= Rhys Gruffydd =

Sir Rhys Gruffydd (by 1513 – 30 July 1580) was the member of Parliament for the constituency of Caernarfon for the parliaments of November 1554 and 1555.

Rhys was the son of Sir William Gruffydd, a member of the Griffiths of Penrhyn, chamberlain of Wales, and his wife, Sian Stradling. He was paternal descendant of Welsh magnate Gwilym ap Griffith. Rhys was said to have spent much of his early life in London. He was also celebrated by Welsh poets William Cynwal and Sion Brwynog for his military prowess in the Irish wars.

On the death of his elder brother Edward Gruffydd, he disputed the inheritance of the family estate with the maternal grandfather of Edward's daughters, Sir John Puleston. After initially succeeding in his claim, the ruling was invalidated and arbitration resulted in a ruling for partition, but the land dispute continued beyond the deaths of both men.

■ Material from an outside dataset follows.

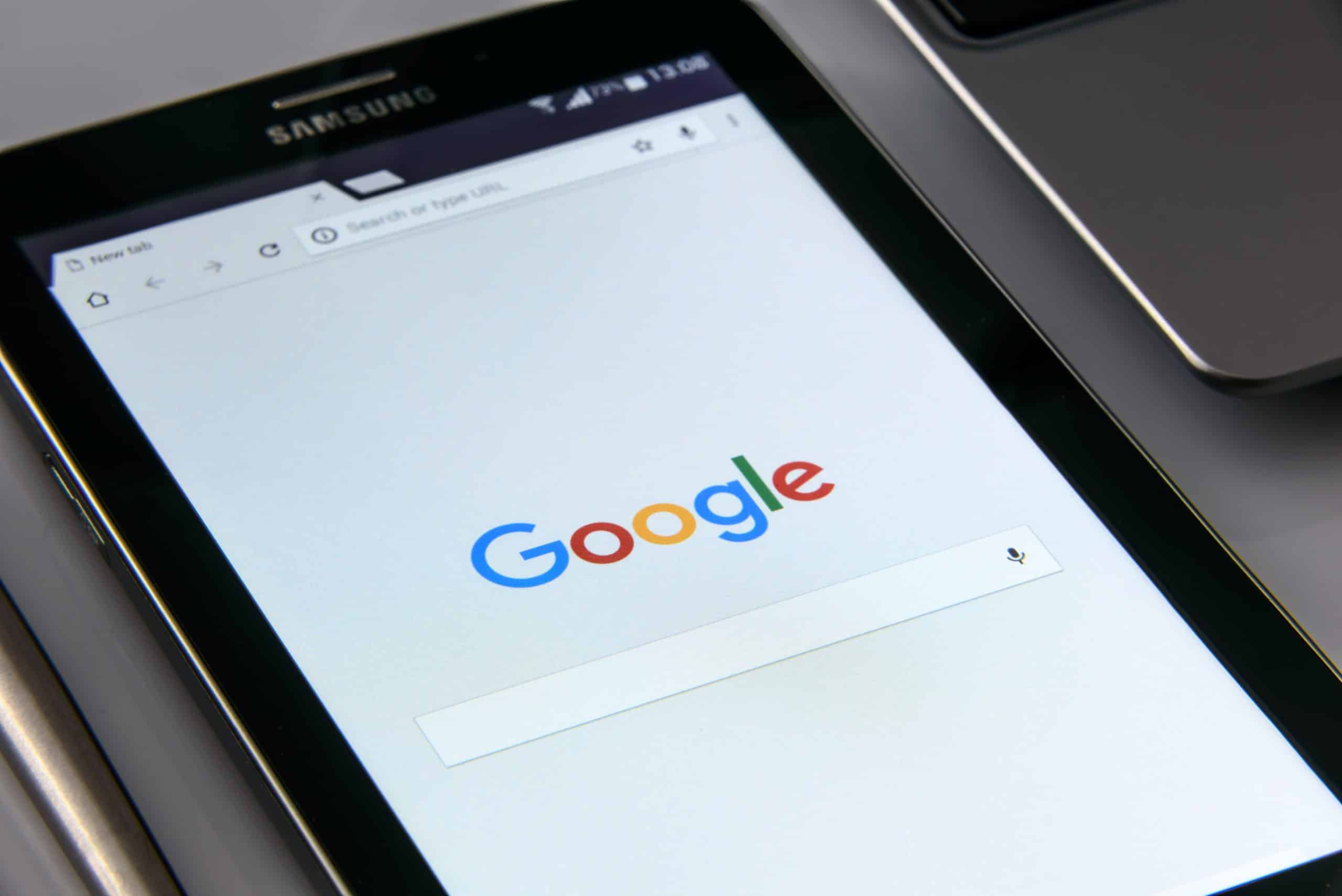 Tablette de marque Samsung avec Google Chrome sur la page d'accueil Google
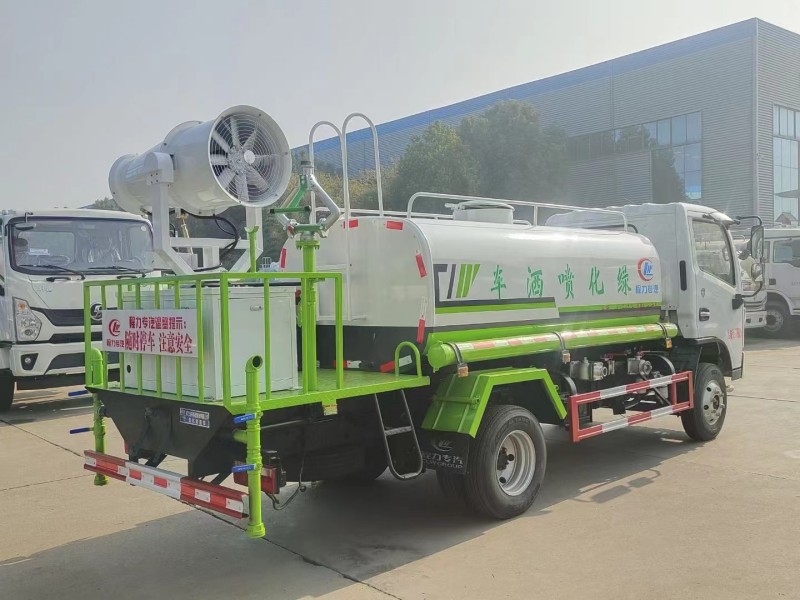 小多利卡5噸綠化噴灑車，30米打藥車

He retained the familial seat of Penrhyn, Anglesey, and the local status that came with being its lord.

Being one of the first justices of the shire, he was knighted at the 1547 coronation of Edward VI. Having been unsuccessfully nominated as sheriff in 1547 and 1548. The 1551 death of his adversary, Puleston, removed an incumberance to him occupying higher office, and in 1554, he took the Parliamentary seat for Caernarfon burroughs, and in 1555 attended Parliament as knight of the shire for Caernarfonshire, and he served as Sheriff of Caernarfonshire in 1566-7. His Catholicism was probably behind his exclusion from the House of Commons during the reign of Elizabeth I.

Rhys married three times: to Margaret, daughter of Morris ap John ap Meredydd of Clenennau; to Jane, daughter of Dafydd ap William ap Gruffydd of Cochwillan, the widow of Robert Owen; and by 1568 to Catherine Mostyn, daughter of Peter Mostyn of Talacre. He sold Penrhyn during his lifetime, and upon his death on 30 July 1580, the heir to his remaining property was his 12-year-old son Peter, the eldest child of his third marriage.